OCEAN CITY, Md. (WJZ) -- The fight for women to go topless in Maryland's most popular beach town is back in court.
A federal appeals court has heard arguments from advocates who want to overturn Ocean City's ordinance that bans women from going topless.
A ruling was made last year to uphold the 2017 law that made nudity a municipal infraction punishable by a $1,000 fine.
The case began when five Maryland women sued Ocean City, saying the law unfairly targets women. That prompted the resort town to pass the emergency ordinance in June 2017.
"We will not allow women to go topless on our beach or any public property within the city limits of Ocean City." Ocean City Mayor Rick Meehan said at the time.

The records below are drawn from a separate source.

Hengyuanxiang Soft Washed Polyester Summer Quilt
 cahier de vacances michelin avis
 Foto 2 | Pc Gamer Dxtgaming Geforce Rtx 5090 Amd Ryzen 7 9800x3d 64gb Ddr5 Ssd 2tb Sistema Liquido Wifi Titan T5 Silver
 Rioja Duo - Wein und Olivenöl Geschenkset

"Why is it necessary to pass an emergency ordinance to say a female has to be covered up?" the plaintiffs' lawyer, Devon Jacob, argued.
"The city's interest is of course in preserving and protecting the character of Ocean City, the moral sensibilities of its residents and visitors." Bruce Bright, Ocean City attorney, said in 2017.
Maryland is one of several states with ambiguous topless laws. Some cities like Austin, Texas, Boulder, Colorado, and Madison, Wisconsin have what's known as "top freedom." But some fear the family friendly feel of Ocean City could be in jeopardy if toplessness becomes the norm.
"The beach is something that we're trying to incorporate as a family," one beach visitor told WJZ in previous coverage of the controversy. "It would turn us away and we would just go elsewhere."